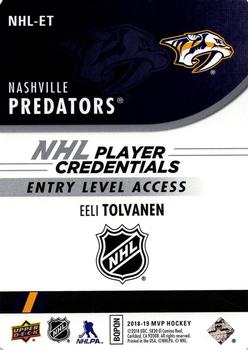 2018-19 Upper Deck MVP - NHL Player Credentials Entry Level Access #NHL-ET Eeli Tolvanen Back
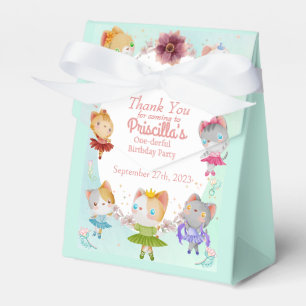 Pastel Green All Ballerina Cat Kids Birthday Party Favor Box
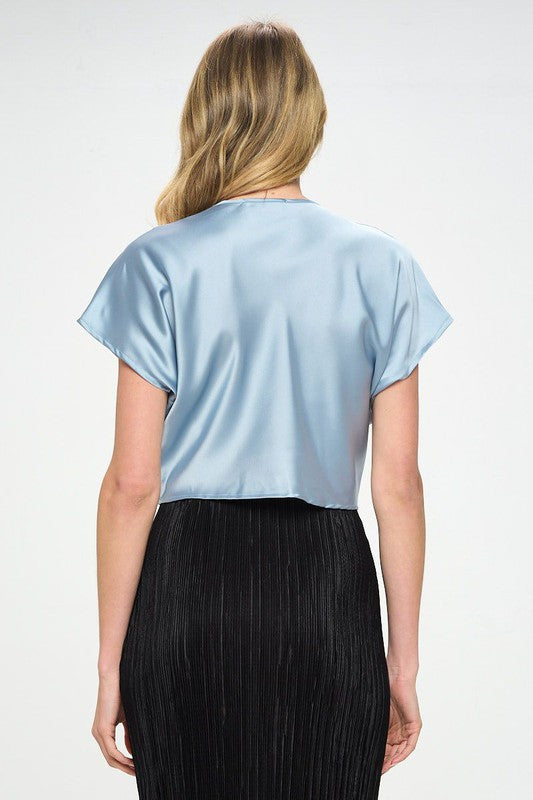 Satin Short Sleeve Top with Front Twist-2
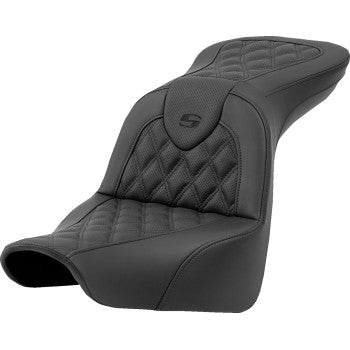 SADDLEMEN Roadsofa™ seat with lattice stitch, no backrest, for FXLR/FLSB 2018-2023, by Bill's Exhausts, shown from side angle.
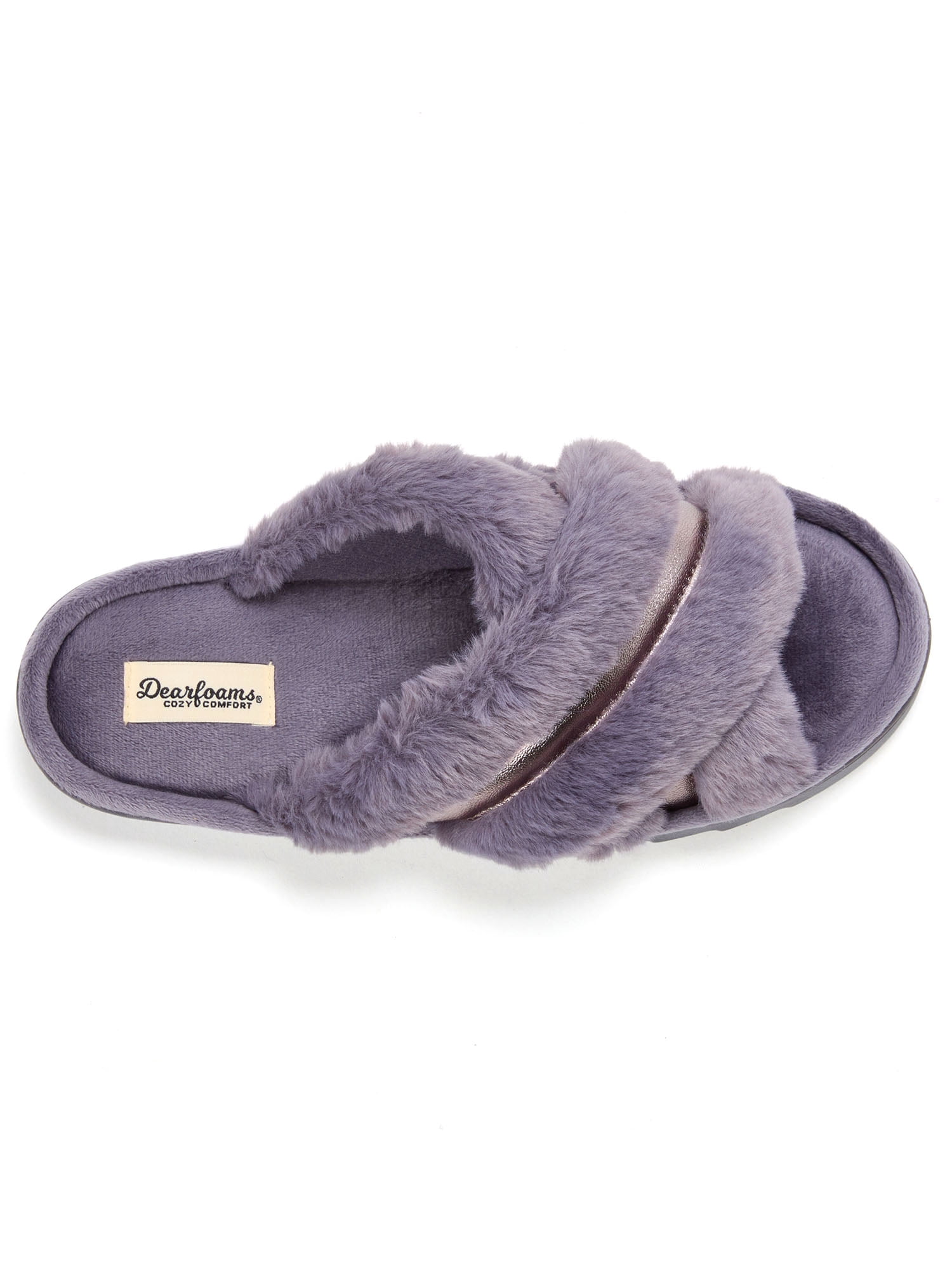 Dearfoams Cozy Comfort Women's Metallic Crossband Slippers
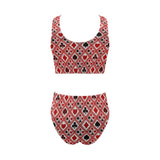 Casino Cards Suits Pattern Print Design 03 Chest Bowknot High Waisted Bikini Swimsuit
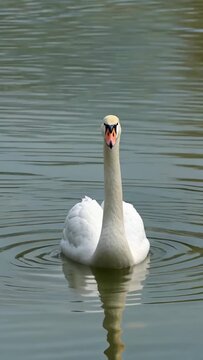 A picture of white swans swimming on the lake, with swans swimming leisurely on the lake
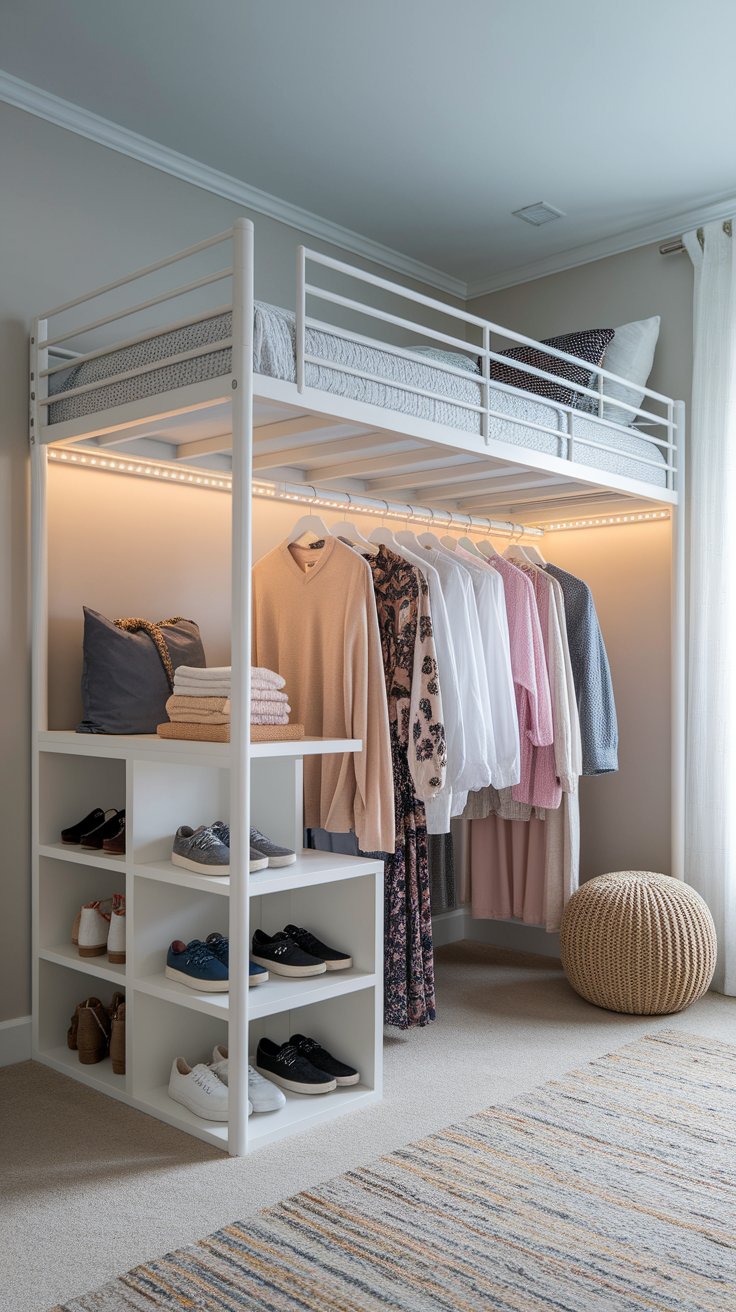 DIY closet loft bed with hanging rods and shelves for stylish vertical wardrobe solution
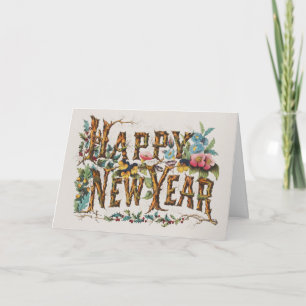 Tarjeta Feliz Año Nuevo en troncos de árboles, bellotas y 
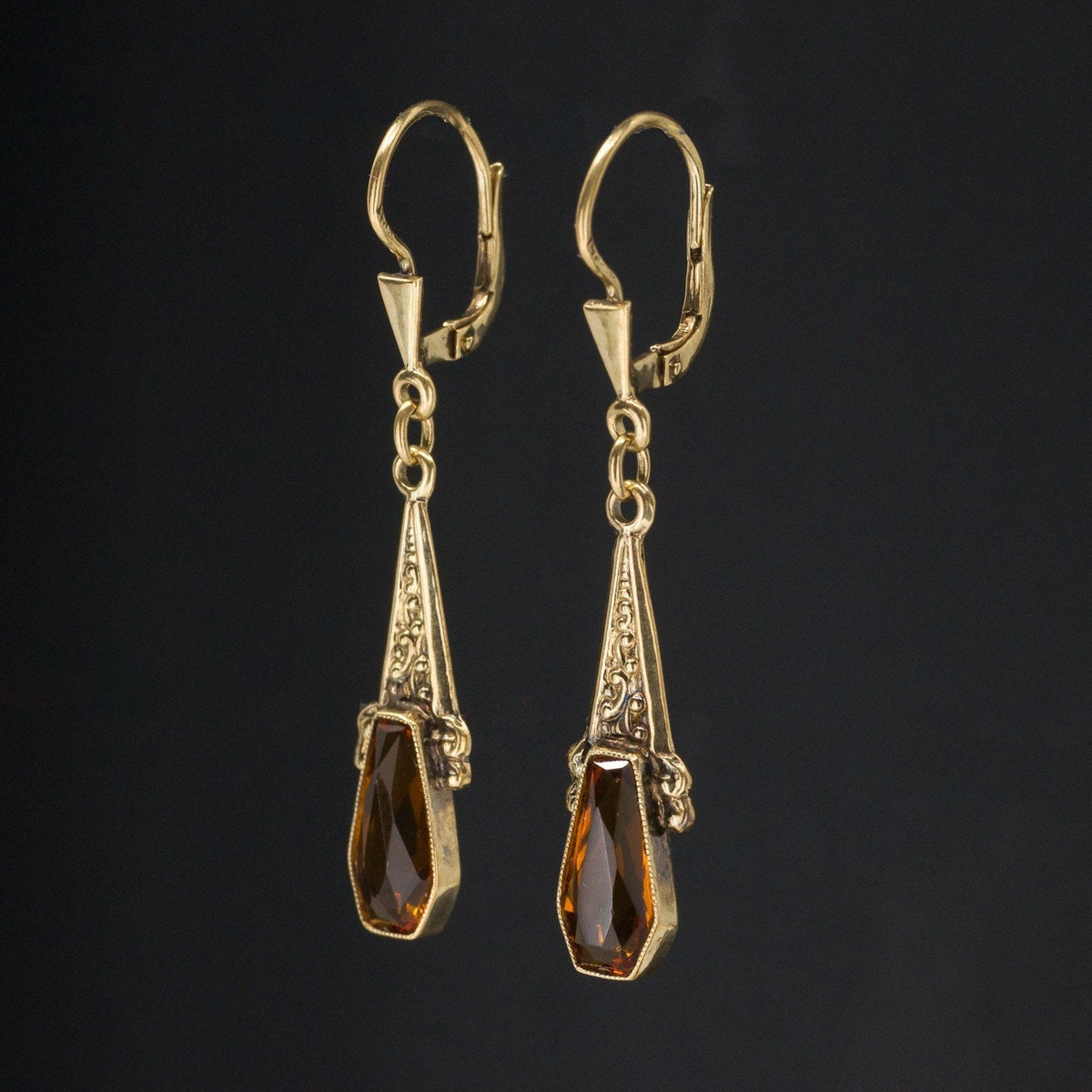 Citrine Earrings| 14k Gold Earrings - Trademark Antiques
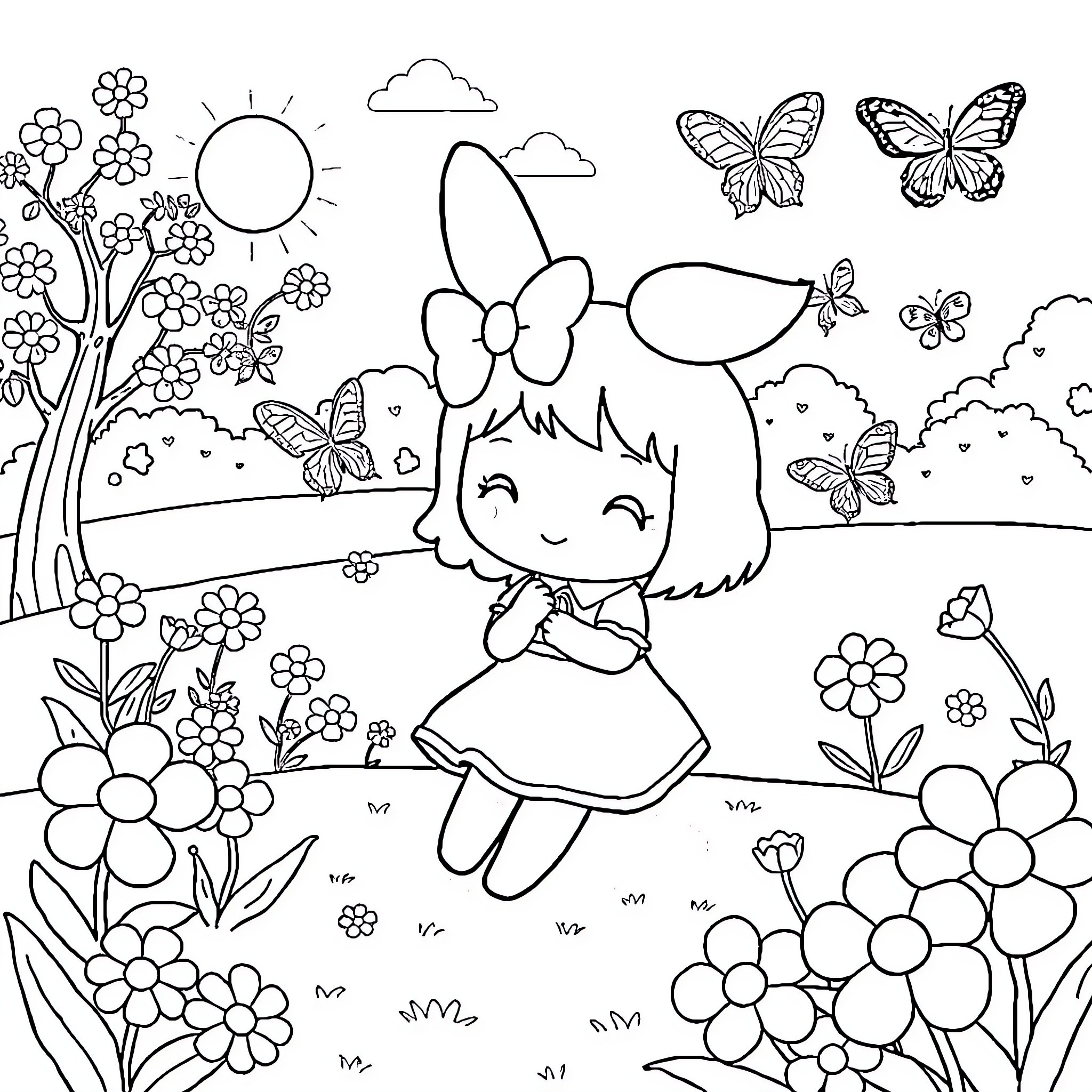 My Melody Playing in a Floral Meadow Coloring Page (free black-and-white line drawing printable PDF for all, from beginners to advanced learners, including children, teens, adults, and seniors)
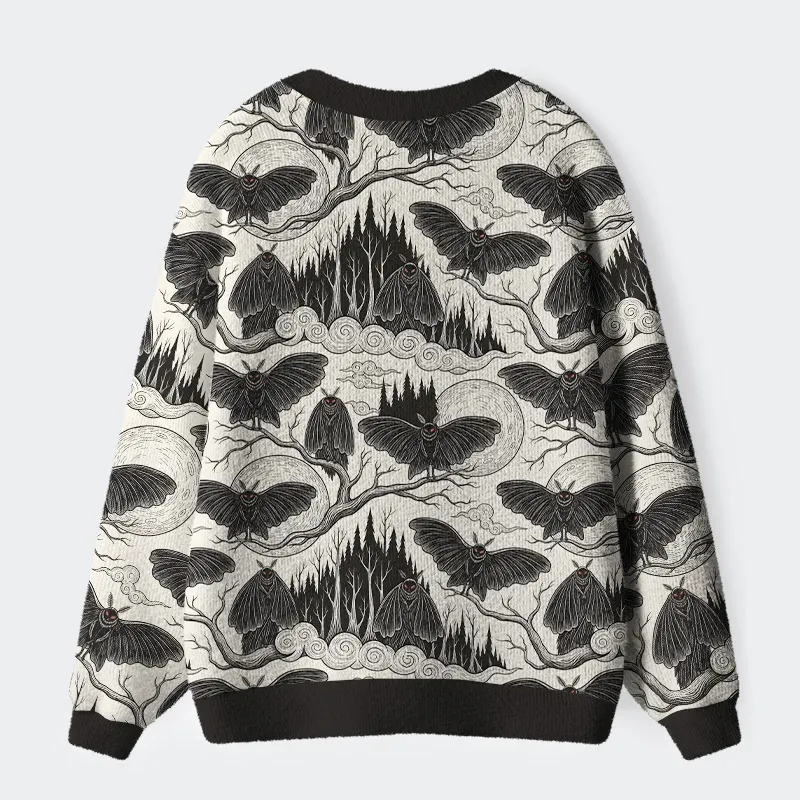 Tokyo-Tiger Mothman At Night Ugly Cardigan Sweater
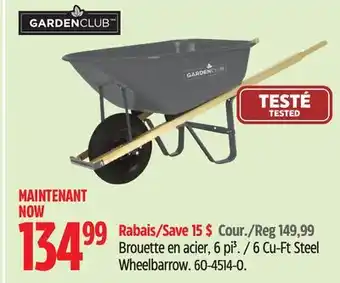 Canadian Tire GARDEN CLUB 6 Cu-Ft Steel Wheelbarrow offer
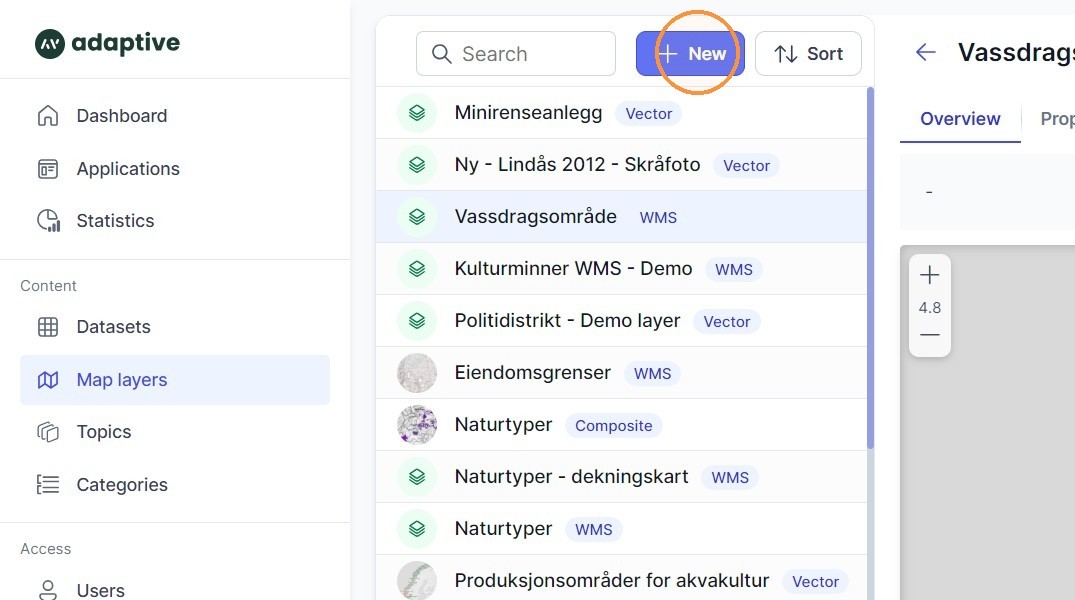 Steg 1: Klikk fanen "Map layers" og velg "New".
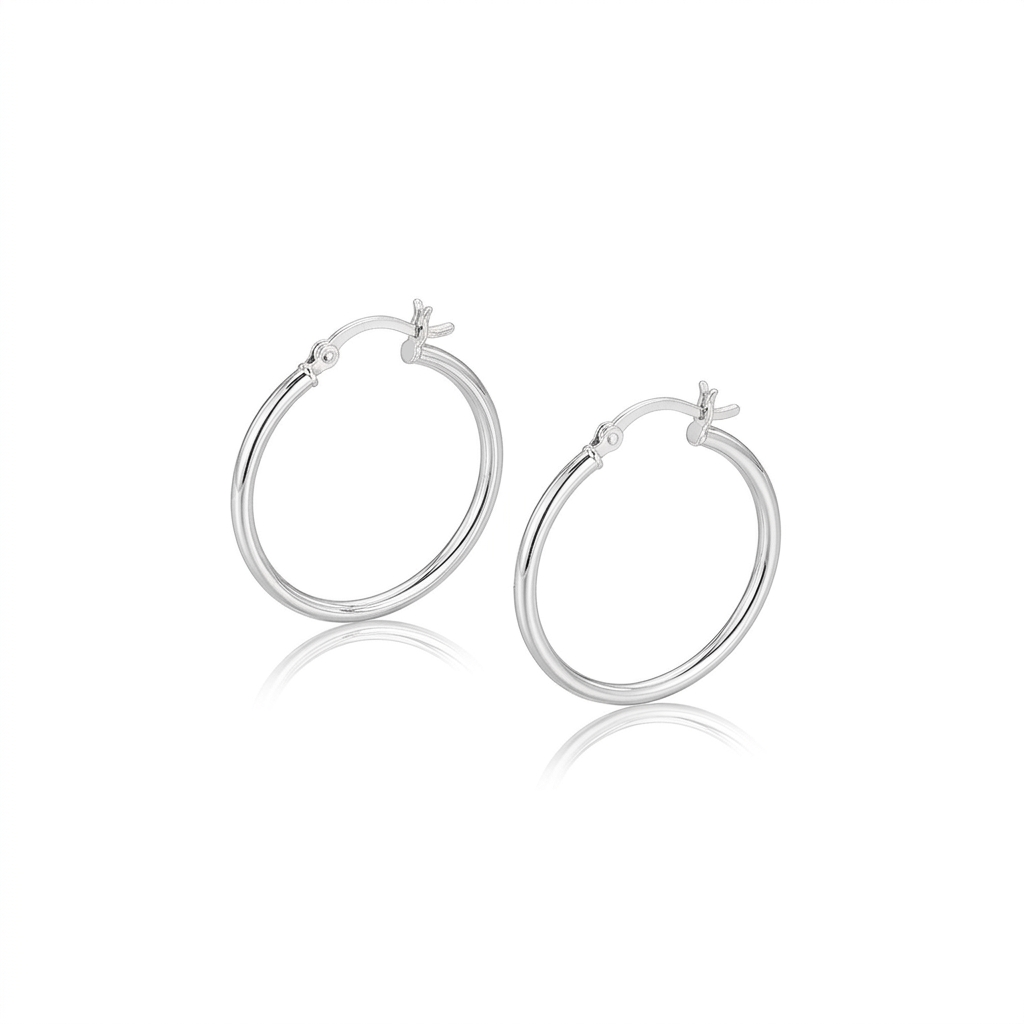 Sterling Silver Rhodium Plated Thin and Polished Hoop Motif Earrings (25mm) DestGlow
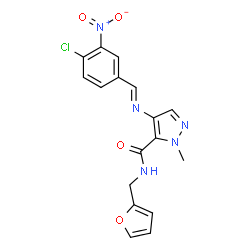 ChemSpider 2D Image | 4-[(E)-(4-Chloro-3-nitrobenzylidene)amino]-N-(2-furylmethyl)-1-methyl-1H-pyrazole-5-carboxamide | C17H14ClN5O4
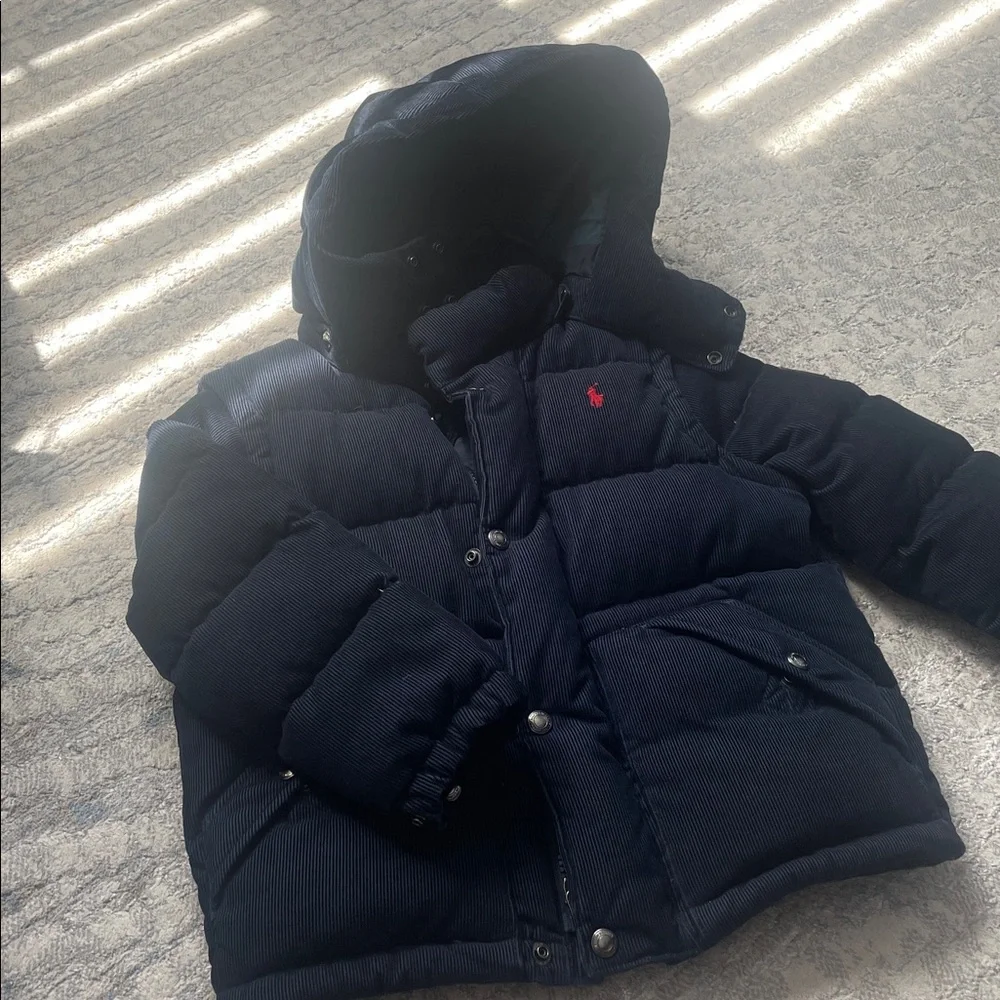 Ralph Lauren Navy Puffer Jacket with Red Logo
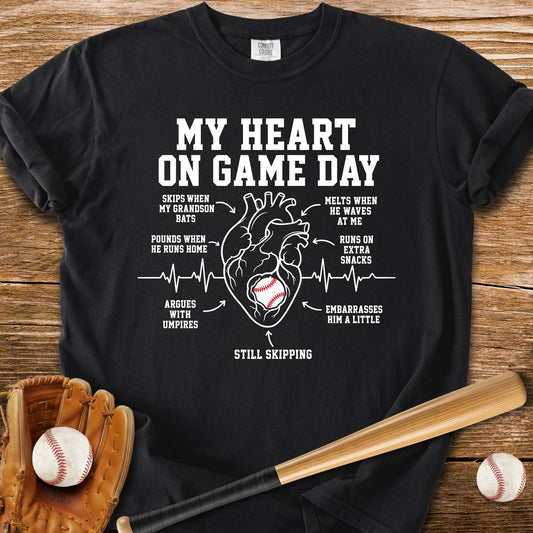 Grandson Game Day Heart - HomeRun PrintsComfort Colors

**********

- What is being asked:
Could you write out exactly the lines of the data above that run from the one holding "Dearfoams Cozy Comfort" to the one holding "Citrine Earrings| 14k", with both ends in and all pictures out?

- Reply:
 Dearfoams Cozy Comfort Women's Metallic Crossband Slippers
 Casino Cards Suits Pattern Print Design 03 Chest Bowknot High Waisted Bikini Swimsuit
 A picture of white swans swimming on the lake, with swans swimming leisurely on the lake
 DIY closet loft bed with hanging rods and shelves for stylish vertical wardrobe solution
 Tarjeta Feliz Año Nuevo en troncos de árboles, bellotas y 
 Citrine Earrings| 14k Gold Earrings - Trademark Antiques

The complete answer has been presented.